Linguistic Injustice in Multilingual Technologies: arTenTen and esTenTen as case studies

paper, specified "long paper"
  1. 1. David Bordonaba-Plou

    Universidad de Granada, Spain; Universidad de Valparaíso, Chile

  2. 2. Laila M. Jreis-Navarro

    Universidad de Zaragoza, Spain; Universidad de Granada, Spain

Work text
This plain text was ingested for the purpose of full-text search, not to preserve original formatting or readability. For the most complete copy, refer to the original conference program.

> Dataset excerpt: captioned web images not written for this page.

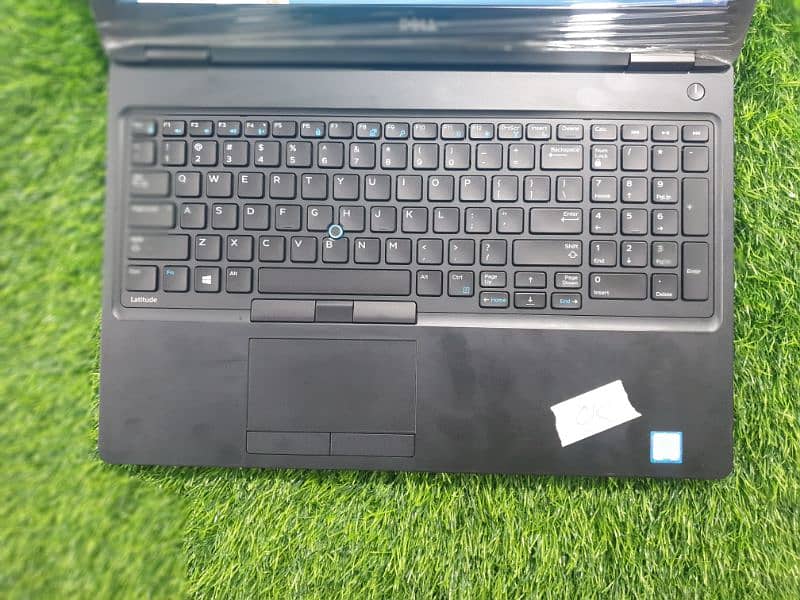 Dell Latitude 5580 i5-7th (H), 8gb /256gb, 15.6" Display 10/10 2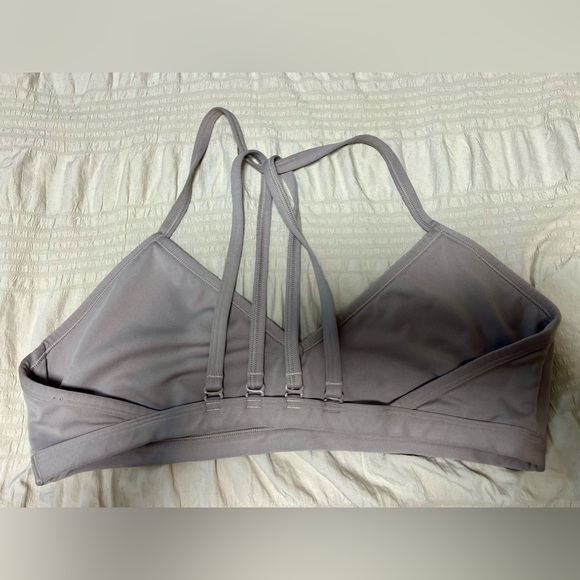 Gymshark Minimal Sports Bra 🦈🩶 - Picture 2 of 4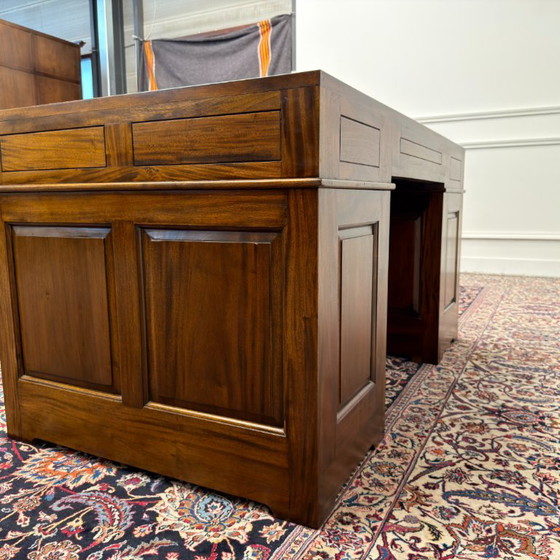 Classic English Desk with Black Leather – Wood (photo 7 of 18)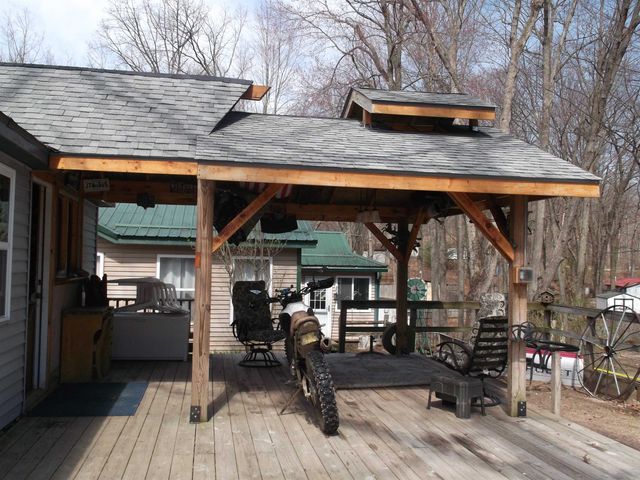 992 Lake Drive, Harrison, MI 48625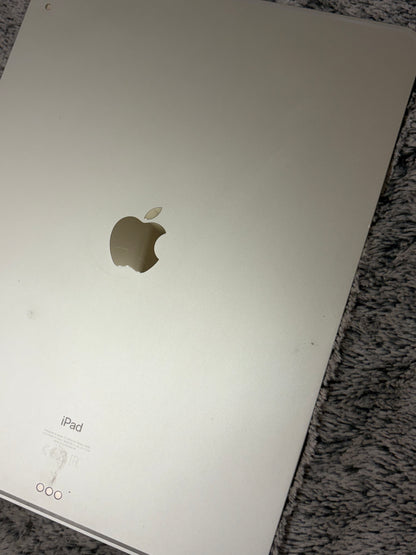Apple iPad Pro 12.9 inch 3rd Gen 256gb WiFi/Cellular (Unlocked) - Minor Fault.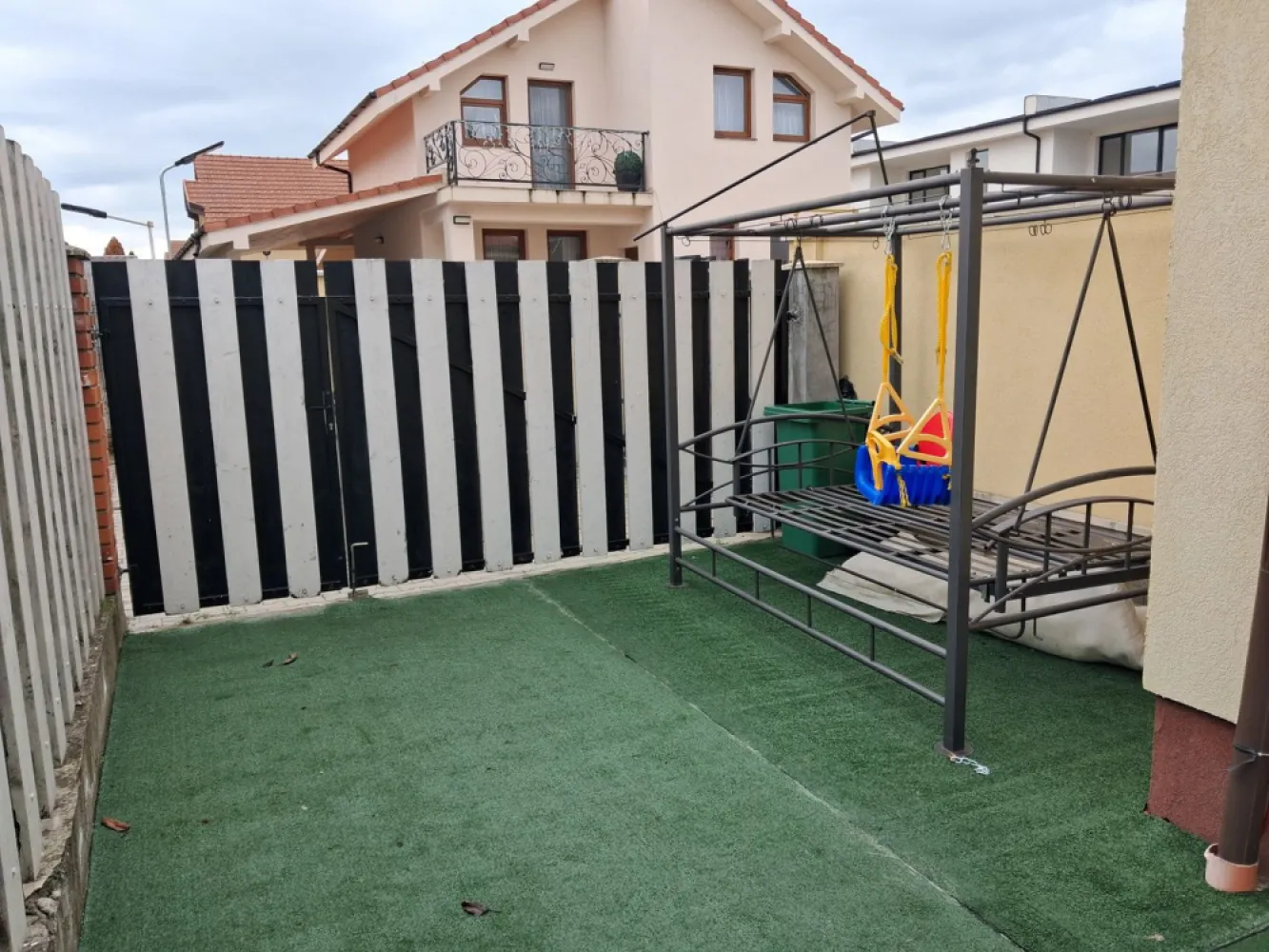 🏡 BRASADAS vinde U R G E N T DUPLEX in cart. PRIETENIA. - Agenția imobiliara BRASADAS vinde U R G E N T prin REPREZENTARE EXCLUSIVA casă MOBILATA tip DUPLEX situată in cartierul rezidențial PRIETENIA pe Strada Barițiu nr. 132, perfect pentru familii care caută liniște, siguranță și natură, fără să renunțe la accesul rapid către oraș.
🔹 Detalii proprietate
Suprafață totală: 120 mp
Suprafață utilă: 90 mp
Grădină proprie: 30 mp – ideală pentru relaxare, joacă sau grătar
Compartimentare eficientă și luminoasă
🛏️ Compartimentare:
3 dormitoare spațioase
Living room generos, luminos, complet mobilat
Bucătărie complet utilată
Baie/ băi moderne
Mansardă – cu potențial de amenajare pentru un al 4-lea dormitor, birou sau spațiu de relaxare
🪑 Se vinde COMPLET mobilată
Tot ce vezi rămâne – mobilier, electrocasnice, gata de mutare imediată.
Ideală atât pentru locuit, cât și pentru investiție.
🌳 Localizare excelentă
Cartier liniștit, aer curat, pădure chiar în spate
2 minute de mers pe jos până la Aqua Park
Zonă sigură, perfectă pentru copii
Acces rapid către puncte de interes
✔️ Avantaje cheie
✔️ Zonă verde, liniște totală
✔️ Ideală pentru familie
✔️ Mobilată complet – zero investiții
✔️ Potențial de extindere (mansardă)

Comision 0% pentru comparator ! 
Colaboram cu toate agentiili imobiliare interesate !
Www.brasadas.com.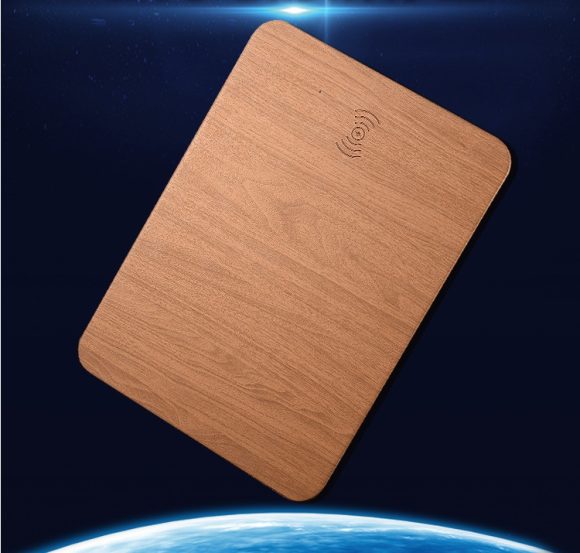 Wooden wireless charger - Image 6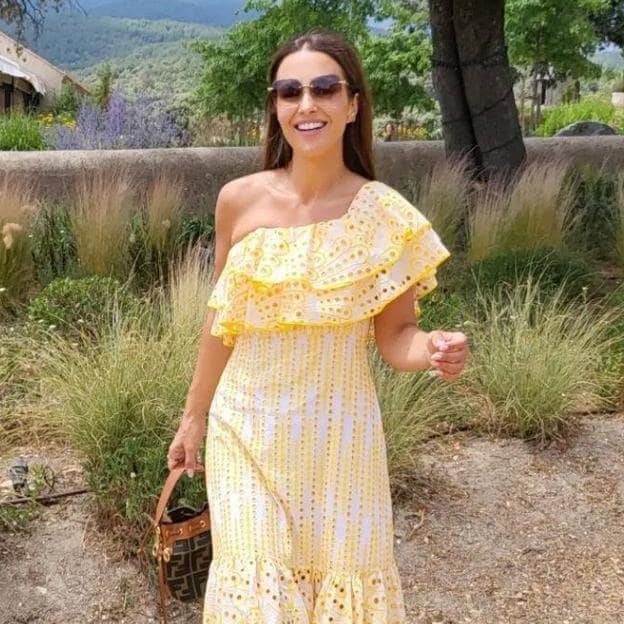 Este vestido made in Spain es el favorito de las influencers para verano porque es fresquito y resalta el bronceado | Mujer Hoy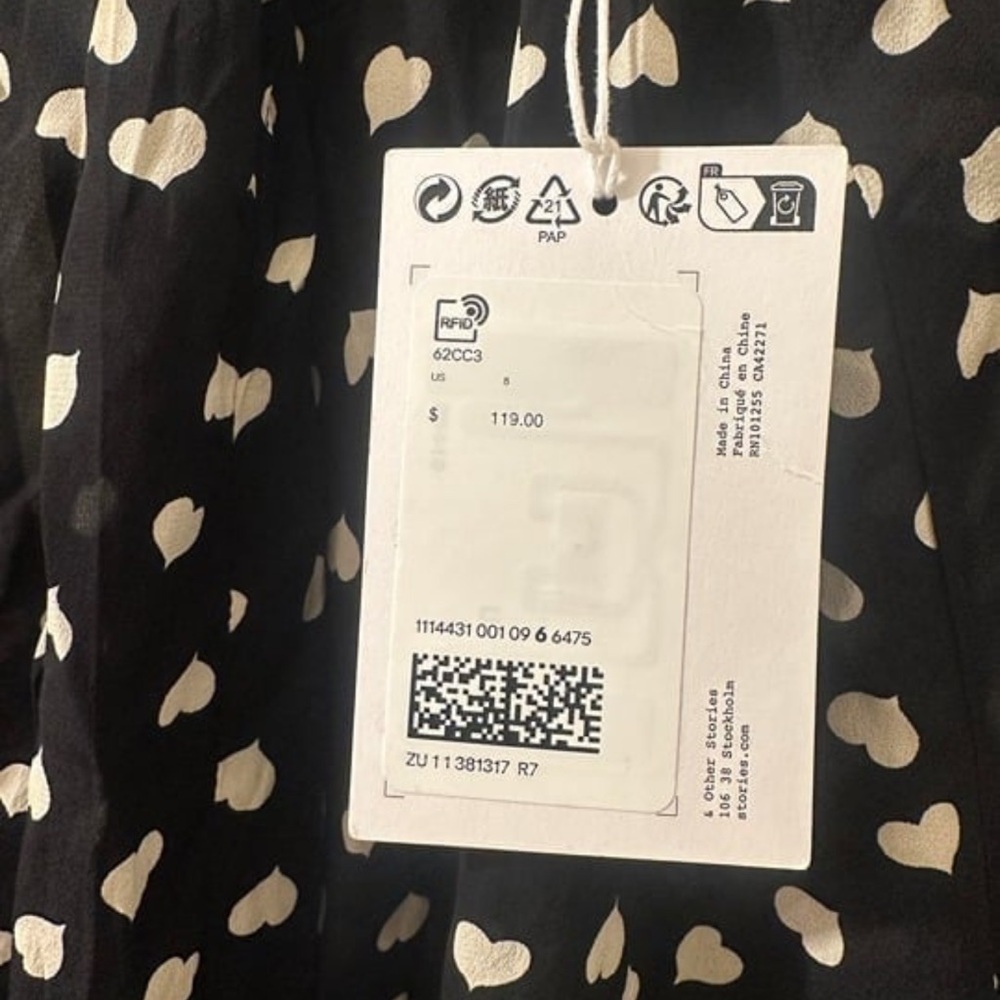 & Other Stories - Black Long Sleeve Blouse w/ White Hearts Pattern (NWT), Size 8 - Picture 4 of 7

Establishing English as the
lingua franca in Academia has contributed to what has become known as “linguistic injustice” (see Van Parijs, 2002; Hyland, 2016; Politzer-Ahles et al., 2016; Soler, 2020). This idea states that second-language learners are at a disadvantage when using the new language. The predominance of English and the difficulties that a poor command of the language can pose have been a relevant concern in Digital Humanities (DH) (see Mahony, 2019, p. 384; Galina, 2014, p. 314). When discussing the consequences and possible solutions to the English-speaking bias in DH, the literature focuses on the following problems: i) the lack of translations of research output (see Galina, 2013); ii) issues of connectivity, for example, the so-called “digital divide” (Galina, 2014, p. 314; Mahony, 2019, p. 385); iii) the unavailability of data sources in languages other than English to quantify DH (Galina, 2014, p. 310); iv) problems with digital standards such as Unicode and TEI (see Fiormonte, 2012, pp. 67-69; Mahony, 2019, p. 374); and v) increasing the number of sources of textual information in languages other than English (see Galina, 2014, p. 314). In this sense, multilingual DH critiques seem to be centered on the deficiencies of non-English-language resources rather than on the level of accuracy of digital analytical tools.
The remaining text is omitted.